Tabii ki söylediğim gibi güç sorumluluğu doğurur ve etik çerçevesinde kullanılmalıdır. Marcus Aurelius bu konuda örnek gösterilebilecek en iyi kişidir diye düşünüyorum. Kendisi Roma İmparatoruydu ve gücünü şatafat için değil, halkı için kullandı. Bir diğer örnek de Atatürk olabilir, hatta insanlık tarihinin dışına çıkarsak doğrudan Şeytan'ın kendisi de buna bir örnek olarak gösterilebilir. Yüksek Rahip de SS'ler için yavaş yavaş etik konulu vaazlar yazmaya başladı, doğrudan tarihi araştırmaya veya felsefe öğrenmeye vakti yetmeyenler bunlardan faydalanabilir.

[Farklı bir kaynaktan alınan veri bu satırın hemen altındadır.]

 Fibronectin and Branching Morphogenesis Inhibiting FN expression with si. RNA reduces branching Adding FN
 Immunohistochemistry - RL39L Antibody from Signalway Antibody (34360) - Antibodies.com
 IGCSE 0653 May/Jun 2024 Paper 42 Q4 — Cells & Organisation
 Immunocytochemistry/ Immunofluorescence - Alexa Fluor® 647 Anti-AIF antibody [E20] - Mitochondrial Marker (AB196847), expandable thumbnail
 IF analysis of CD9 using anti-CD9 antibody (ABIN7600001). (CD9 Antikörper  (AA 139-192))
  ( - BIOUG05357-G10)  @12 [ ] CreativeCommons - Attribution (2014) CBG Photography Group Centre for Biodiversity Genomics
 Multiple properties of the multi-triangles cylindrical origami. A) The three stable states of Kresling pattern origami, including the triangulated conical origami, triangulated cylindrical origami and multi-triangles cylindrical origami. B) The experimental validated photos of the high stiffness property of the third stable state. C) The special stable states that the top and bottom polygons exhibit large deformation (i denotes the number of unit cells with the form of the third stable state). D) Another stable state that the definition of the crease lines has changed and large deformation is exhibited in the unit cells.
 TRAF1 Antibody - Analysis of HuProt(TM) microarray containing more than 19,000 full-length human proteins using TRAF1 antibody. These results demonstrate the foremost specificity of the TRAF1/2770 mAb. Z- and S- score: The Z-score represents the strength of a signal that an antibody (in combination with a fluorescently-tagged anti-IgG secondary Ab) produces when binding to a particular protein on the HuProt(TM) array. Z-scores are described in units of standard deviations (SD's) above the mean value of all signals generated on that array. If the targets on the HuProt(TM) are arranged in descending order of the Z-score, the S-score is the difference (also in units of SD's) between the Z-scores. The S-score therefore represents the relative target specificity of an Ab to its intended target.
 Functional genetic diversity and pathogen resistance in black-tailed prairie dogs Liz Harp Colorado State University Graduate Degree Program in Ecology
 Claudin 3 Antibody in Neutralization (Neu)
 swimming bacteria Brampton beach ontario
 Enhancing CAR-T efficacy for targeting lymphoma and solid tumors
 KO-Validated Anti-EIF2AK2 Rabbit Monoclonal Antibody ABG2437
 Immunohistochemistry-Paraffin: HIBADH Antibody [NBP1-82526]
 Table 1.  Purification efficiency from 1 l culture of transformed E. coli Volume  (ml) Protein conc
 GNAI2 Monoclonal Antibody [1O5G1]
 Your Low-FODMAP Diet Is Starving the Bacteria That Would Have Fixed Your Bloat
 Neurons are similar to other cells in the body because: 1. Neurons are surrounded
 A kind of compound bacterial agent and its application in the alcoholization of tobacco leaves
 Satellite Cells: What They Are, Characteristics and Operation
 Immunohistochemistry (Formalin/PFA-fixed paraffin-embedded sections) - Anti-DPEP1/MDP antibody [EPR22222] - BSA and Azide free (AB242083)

Son olarak SS'ler olarak en büyük problemimiz yeterince güçlü olmamak. Eğer gerektiği kadar güçlü olsaydık ülkeyi, hatta dünyayı çoktan değiştirebilirdik. İnsanlara sermayenin kötü olduğu düşüncesini, bilginin ve farkındalığın acıya sebebiyet vereceği fikrini ve hayatın boş olduğu kaanatini aşılayarak dünyayı bugün bulunduğumuz hâle getirmeyi başardılar. Kısacası güçsüz olduğumuz sürece acı çekmeyi sürdüreceğiz. Yukarıda yazdığım her şeyi geçersek, bu bile cevabı açıkça ortaya koyuyor. Gerçekleşen depremde çektiğimiz acının da sebebi yine zayıflıkta (cehalet, fakirlik, eğitimsizlik vs. vs.) aranmalı, güçlü olmak zorundayız. Biz güçlü olmazsak onlar güçlü olacaklar ve güçlerini nasıl kullanacaklarını hepimiz biliyoruz.